Alan Gates commented on PIG-793:

The cost for storing data raw is:

16 bytes for the tuple object
12 bytes for the byte array object
12 bytes + 2 bytes/field for a short[] to hold offsets into the byte[]
Then as you say above for the data itself, plus 1 byte per field to store type 
and nullness.

So our example tuple would take ~85 bytes.

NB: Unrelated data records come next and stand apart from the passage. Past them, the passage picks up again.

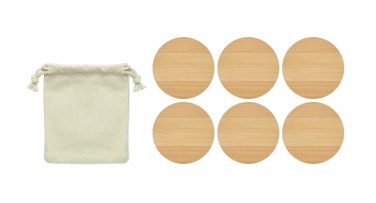 Logo trade promotional item photo of: Set of 6 bamboo coasters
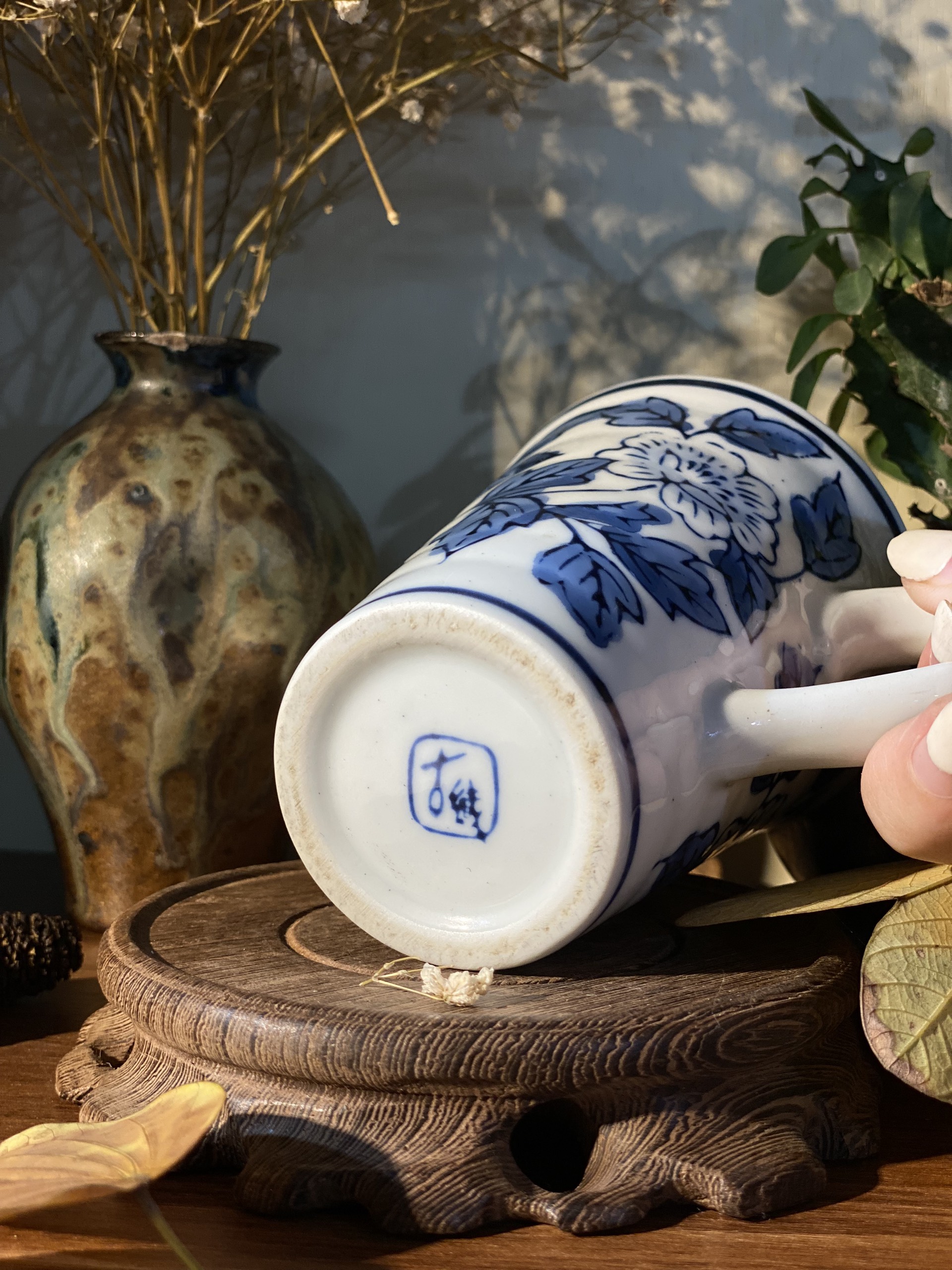 cốc lam họa tiết hoa mẫu đơn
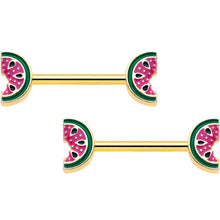 Load image into Gallery viewer, 14G 9/16 Gold Tone Watermelon Bite Barbell Nipple Ring Set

But in general, yes you can do much better with raw bytes.  We played with this 
some and we found that the cost of Tuple.get/set goes up 10x because of the 
need to turn the bytes into objects.  In a typical query this added about 2x to 
the overall run time.  The solution to this would be to rewrite all the Pig 
operators to work on byte data instead of objects.  This is a large project, 
and doesn't solve the UDFs.  We could pay the performance penalty for UDFs, or 
we could change the UDFs to take byte data.  Currently many of our users are 
asking for the ability to write UDFs in Python or other scripting languages.  
If we instead go the other way and basically make them write C style Java I 
don't think that will be popular.

What we're playing with now (changing ArrayList<Object> to Object[] and String 
to Text) will reap somewhere around 50% of the benefits in terms of memory 
savings as going to fully raw data.  But it's around 10% of the work.  I'm not 
excluding moving to storing everything in a byte[] in the future.  But I want 
to see if for a little work now we can get a descent amount of improvement.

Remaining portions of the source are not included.